A senior lecturer at the University of Ghana’s Department of Geography, Professor Martin Oteng Ababio believes that no research was conducted before a law was passed to ban okada operations in Ghana.
According to him, the current law cannot stand the test of time because it has no research backing it.
He added that the lack of research prior to the passage of the law is the cause of confusion around okada operations now.
Section 128 (1) of the Road Traffic Regulations, 2012 (Legislative Instrument 2180), states: “The licencing authority shall not register a motorcycle to carry a fare-paying passenger.”
“The truth of the matter is that any law that is not by research is bound to fail. The failure of this law is not surprising to some of us. I suggest we look at the law in its totality because I don’t foresee the current law standing the test of time in Ghana today and in the near future,” Professor Oteng Ababio said in an interview on the Citi Breakfast Show on Thursday, September 17, 2020.
Prof. Ababio conducted a research on okada operations in 2012 and recommended that okada should not be banned.
Prof. Ababio further urged the government to take a second look at the law in question.
This he clarifies by adding that the okada business has come to stay.
“Motorbikes are part of our transportation system and it will forever be part of it. The use of same for commercial purposes is the bone of contention now.
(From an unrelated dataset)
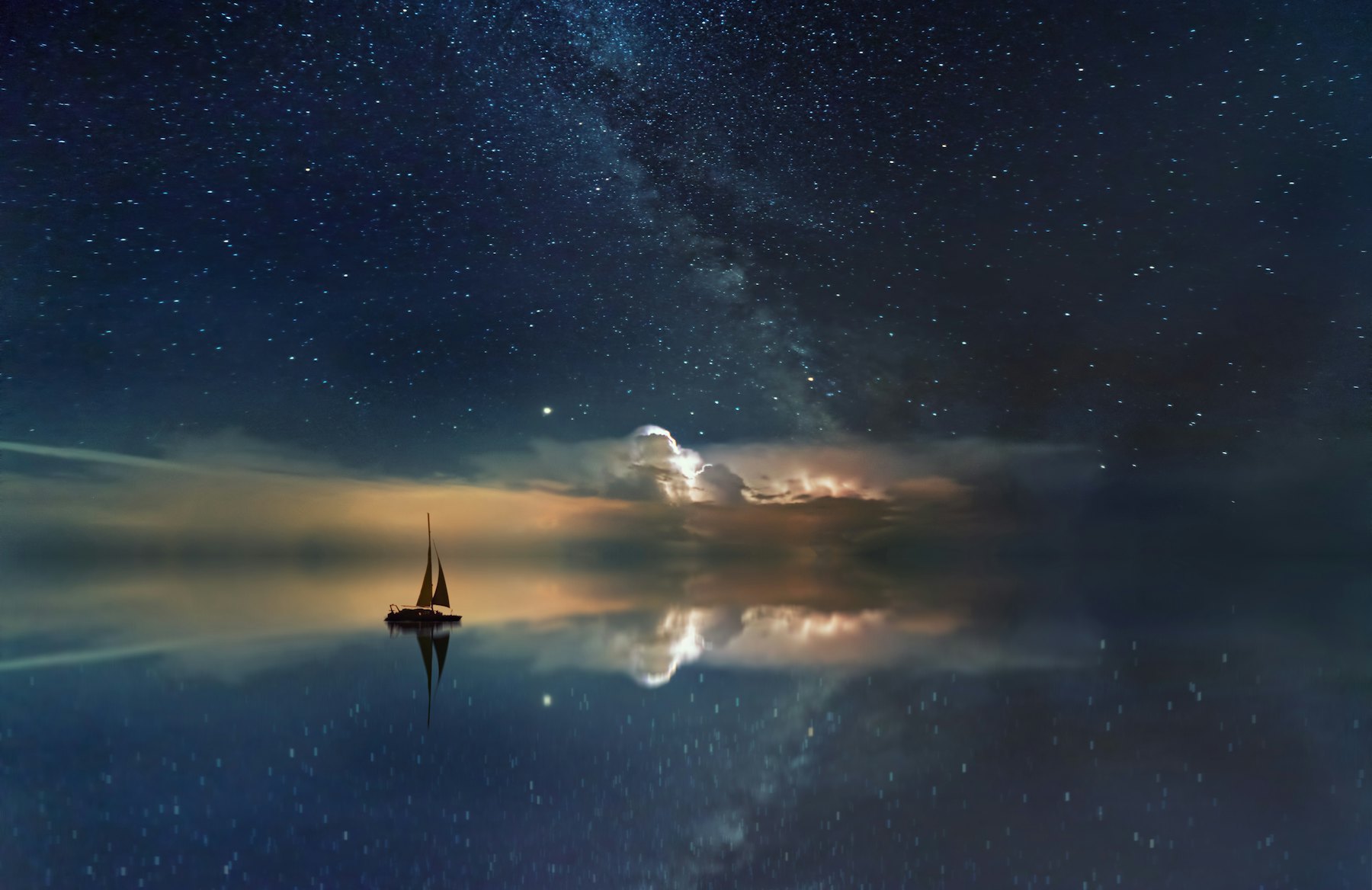 Sailboat on calm water at dusk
Can we look at it and see how we can regulate it and for that matter, I agree because it is well regulated in other parts of the world. Otherwise, if we go with banter or banning and not banning, the problem will continue to exist. ”
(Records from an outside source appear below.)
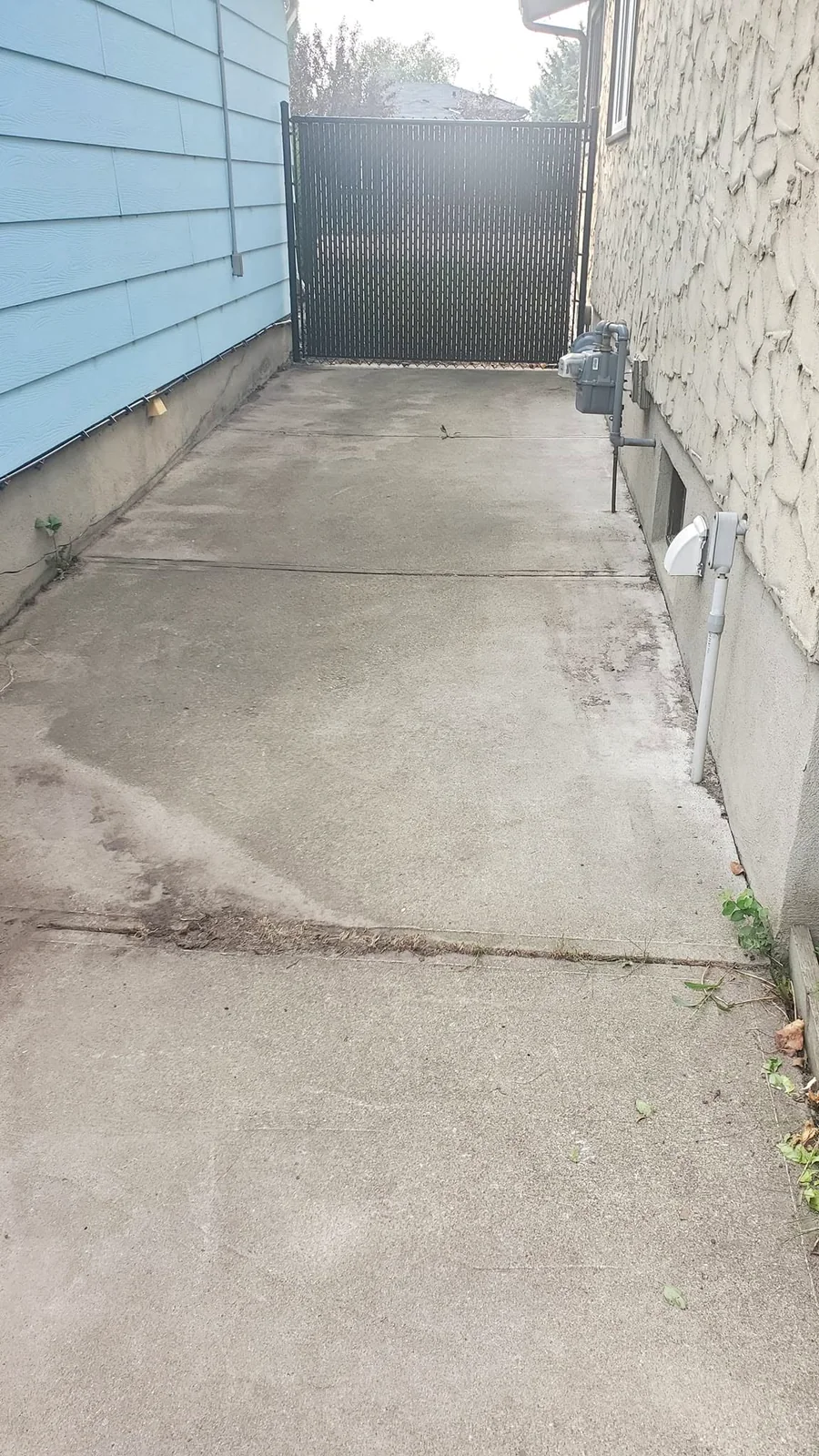 Concrete before pressure washing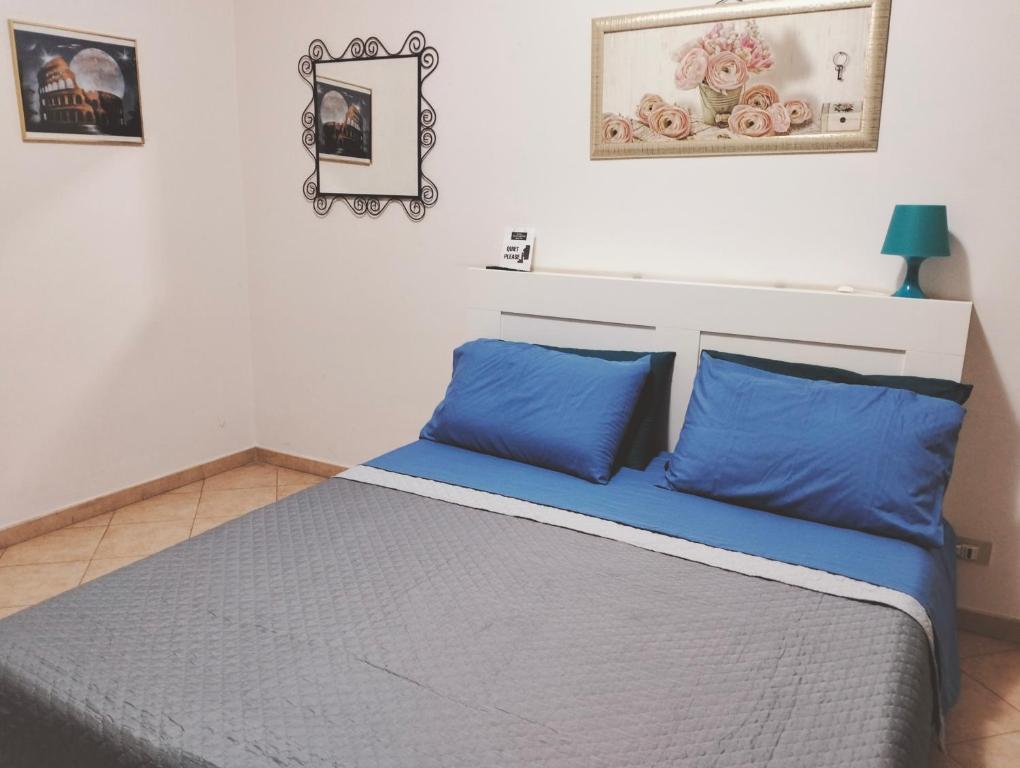 Łóżko lub łóżka w pokoju w obiekcie La Perla B & B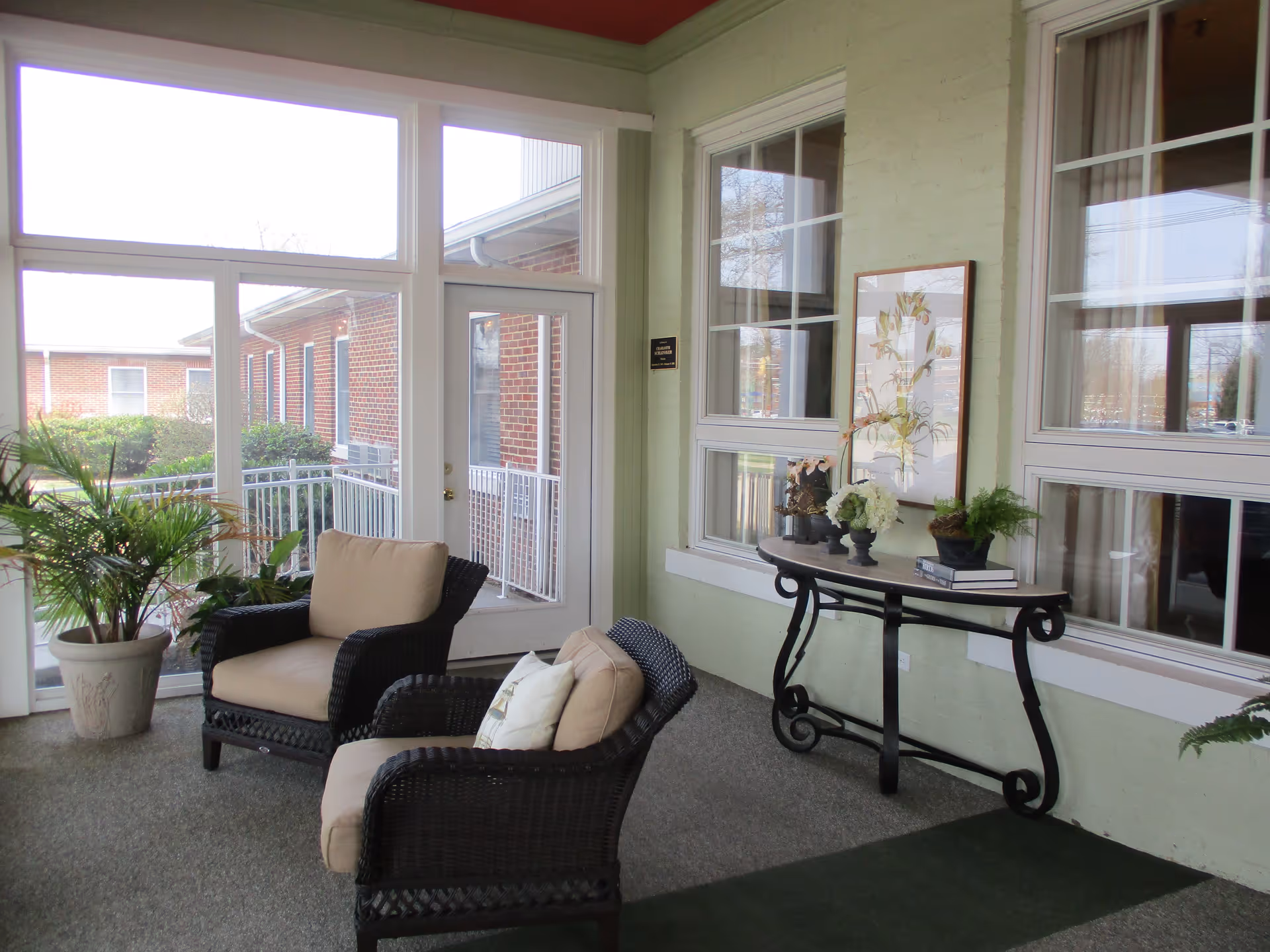 A cozy indoor seating area with two cushioned wicker chairs, a small table with decorative plants and books, large windows, and a glass door leading outside. There are potted plants near the windows and a framed artwork on the wall.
The main opposition National Democratic Congress (NDC) has promised to legalise the operations of the okada business.
The party’s flagbearer, John Dramani Mahama, who wants critics of his promise to stop acting like “ostriches”, maintains the okada business has come to stay.
According to him, okada is the only means of transport for some people in some parts of the country.
But the governing New Patriotic Party (NPP) says it will not succumb to pressure to legalise okada operations.
Describing the operationalisation of okada in the country as a “risky business”, the Vice President, Dr. Mahamudu Bawumia disclosed that government will instead offer new cars to the operators on a lease basis in order for them to carry out their activities in a much safer manner.
“You don’t want to finish graduate school and then make a life from okada riding. You can have a better option, and we will give you a better option. So yes, we will not legalise the okada business in Ghana. It may be a tough decision but it is in the interest of Ghanaians. We are having discussions, but we will stick to our decision to provide a better alternative for the okada riders. Let’s give them an opportunity to buy safer vehicles through lease and pay over time. It is a better option than what the alternative is,” he said.